Straightforward (Mostly) and Descriptive
Nothing says action like realizing you're sitting on the edge of your seat, right? To make sure we're right where he wants us—with our butts barely in our chairs—during fights, escapes, near-drownings, and more, Bacigalupi combines straightforward language and short sentences to convey the experience of being in the middle of high-intensity moments. For instance, he writes:
Out of nowhere Pima lunged, her knife flashing.
Nailer tried to cry out, to warn her, but his father beat him to it. He slammed Pima aside. She sprawled on the decking. Her knife skittered across the carbon fiber and disappeared over the side. (12.73-74)

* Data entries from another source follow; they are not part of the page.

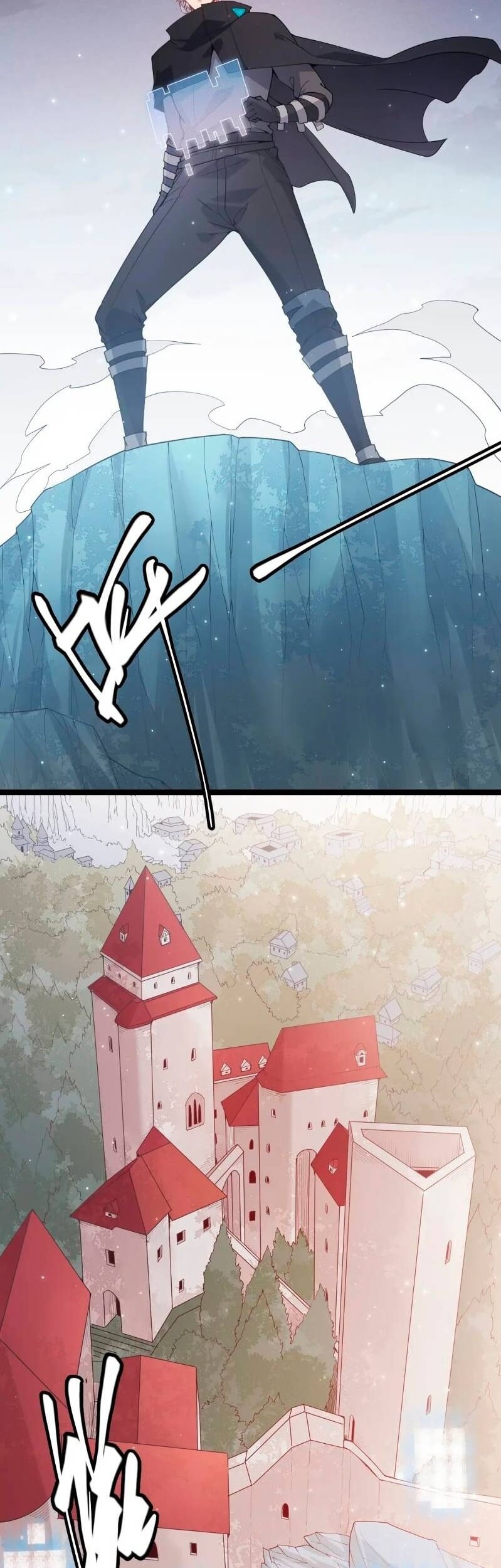 The Game That I Came From Chapter 82 Gambar 10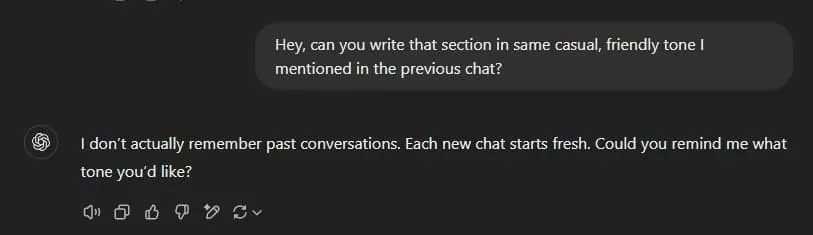 alternative chat gpt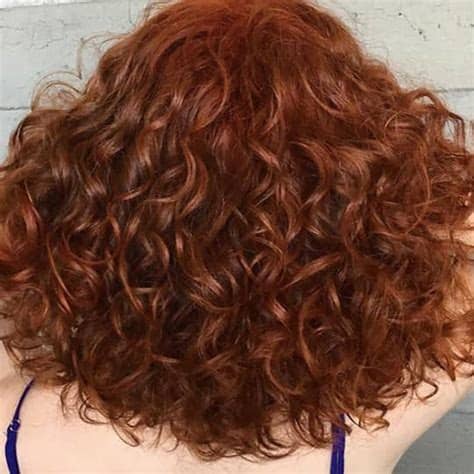 Autumn auburn with a hint of gold with a natural h. auburn hair color inspiration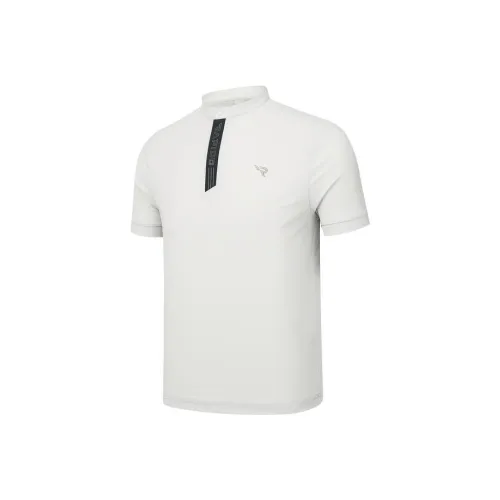 RAPIDO Мужская рубашка с коротким рукавом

Subject, verb, repeat. He did this, she did that. Short sentences move us quickly through the action, bringing us to the edge of our seats, and keeping us there as we wonder what will happen next. It's a really common style for an adventurous tale, but it's also not the only style Bacigalupi uses—he saves it for the moments that are high energy, and super intense.
At other points, Bacigalupi mixes up his adventure-y prose with much more complex descriptions and sentences. He almost always slows us way down when we get insight into Nailer's thoughts and feelings, which is great, because it invites us to really pay attention to what's being revealed and, in doing so, develop a more thorough understanding of our main man. Here's a passage where we see both the short sentences and more detailed ones combined:
Nailer hesitated.
"Well?"
"I lost it."
Silence stretched between them. "Lost it, huh?" was all his father said, but Nailer could tell that dangerous gears were turning now, fueled by the rattle of drugs and anger and whatever madness caused his father's bouts of frenzied work and brutality. (5.141-144)
Here, Nailer is trying to avoid a rising confrontation with his father, so we see the abrupt dialogue. But the last sentence packs clause onto clause, and this slows us down. We realize that Bacigalupi does this because it lends a different kind of intensity, one that's emotional in nature, to the confrontation.
Bacigalupi's writing also becomes much more lyrical when he's describing the world in which Nailer lives. At one point he writes:
The train rose into the air, rail pilings lifting it over the swamps below. They passed over cool green pools full of algae and lily pads the white flash of egrets and the whir of flies and mosquitoes. The entire elevated track system was reinforced against the city killer storms that rolled into the coast with such astonishing regularity, but it was the only evidence that any people successfully inhabited the jungle swamplands now. (16.52)
When there's action in the novel, Bacigalupi avoids a lot of adjectives and adverbs; he lets the plot speak for itself. But when there's a break in the action and we read about the setting, or when a character develops, or when Bacigalupi needs to create more of the world, we see much more descriptive language and longer sentences. This detailed language and more complex sentence structure lend a lyricism to the prose that doesn't really exist in the high-action parts. It's a complicated style, which fits the novel's complex content.